_Records shown_
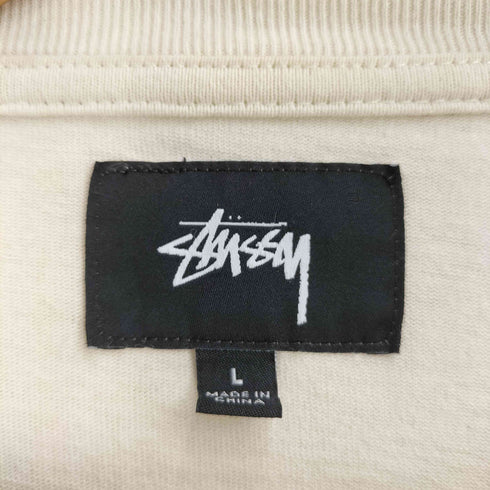 ステューシー Stussy ロゴ刺繍 ポケット S/S Tシャツ メンズ import:L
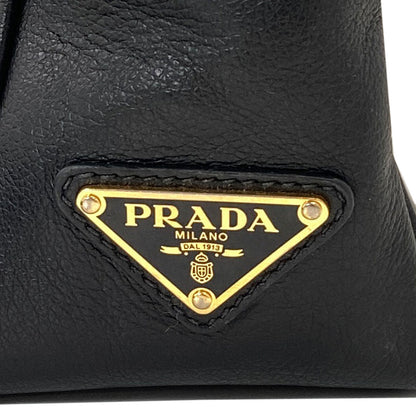 PRADA 1BH089 Long shoulder Shoulder Bag Calf Ladies [Used]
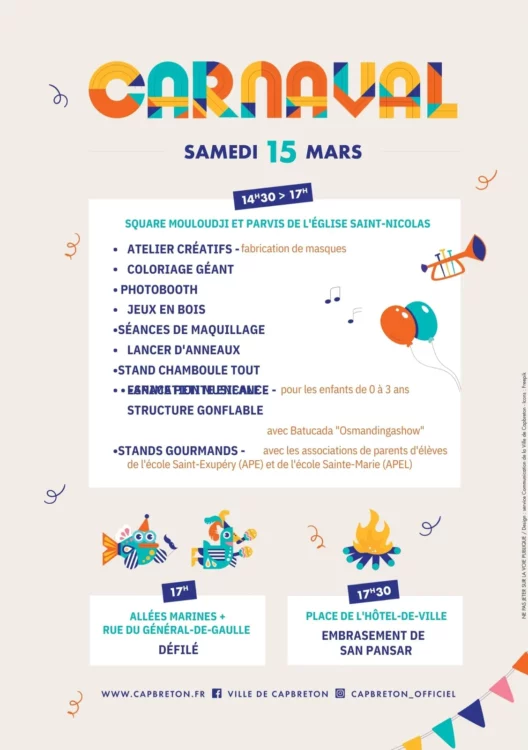 carnaval capbreton-programme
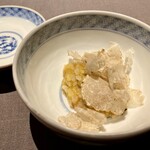 茶禅華 - ふかひれの上海蟹あんかけご飯 白トリュフがけ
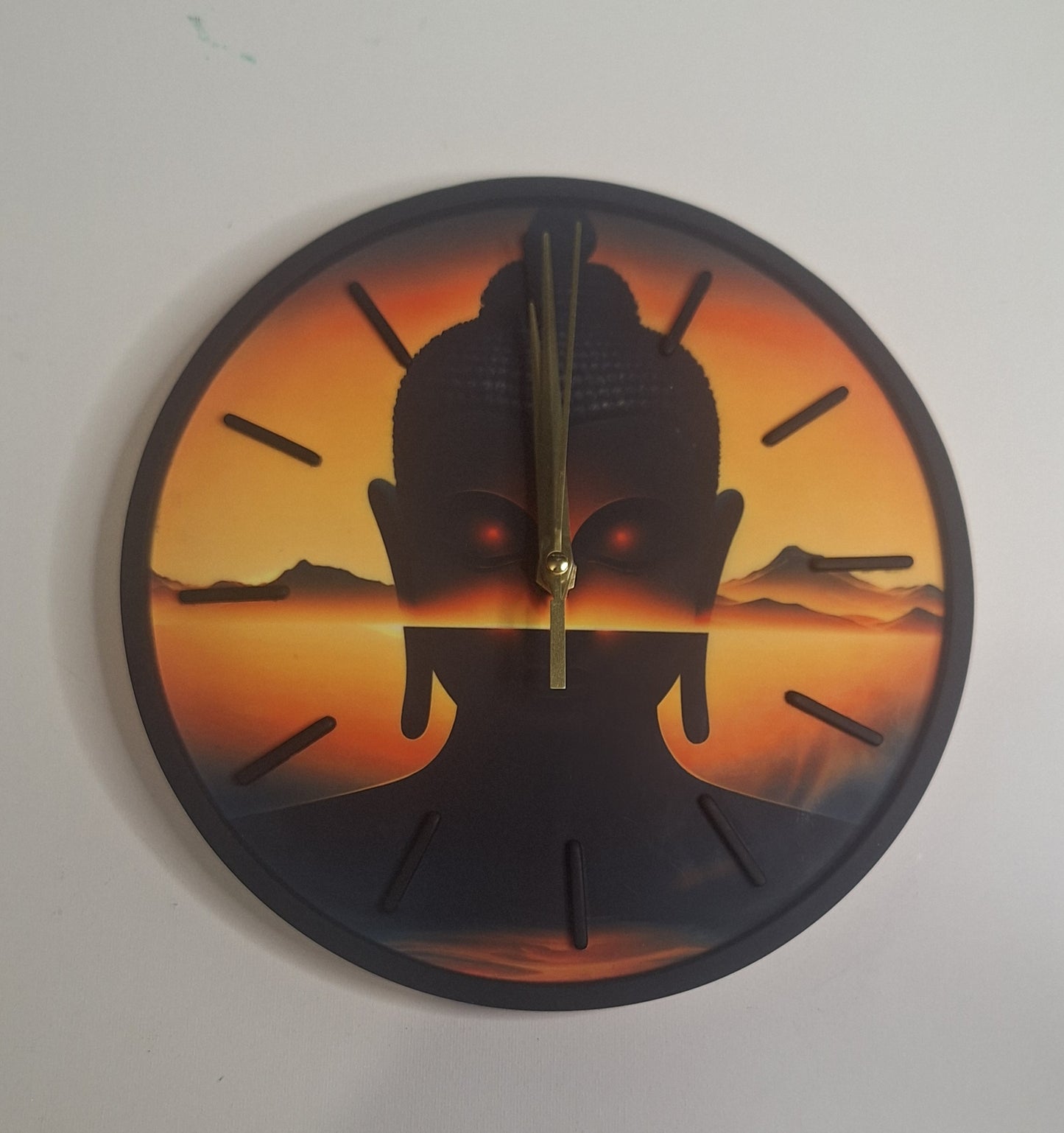 Horloge bouddha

_The task_
Only the lines from the one containing "PRADA 1BH089 Long" through the end of the data above are to be output, exactly and without pictures.

_Answer space_
 PRADA 1BH089 Long shoulder Shoulder Bag Calf Ladies [Used]
 carnaval capbreton-programme
 茶禅華 - ふかひれの上海蟹あんかけご飯 白トリュフがけ
 Horloge bouddha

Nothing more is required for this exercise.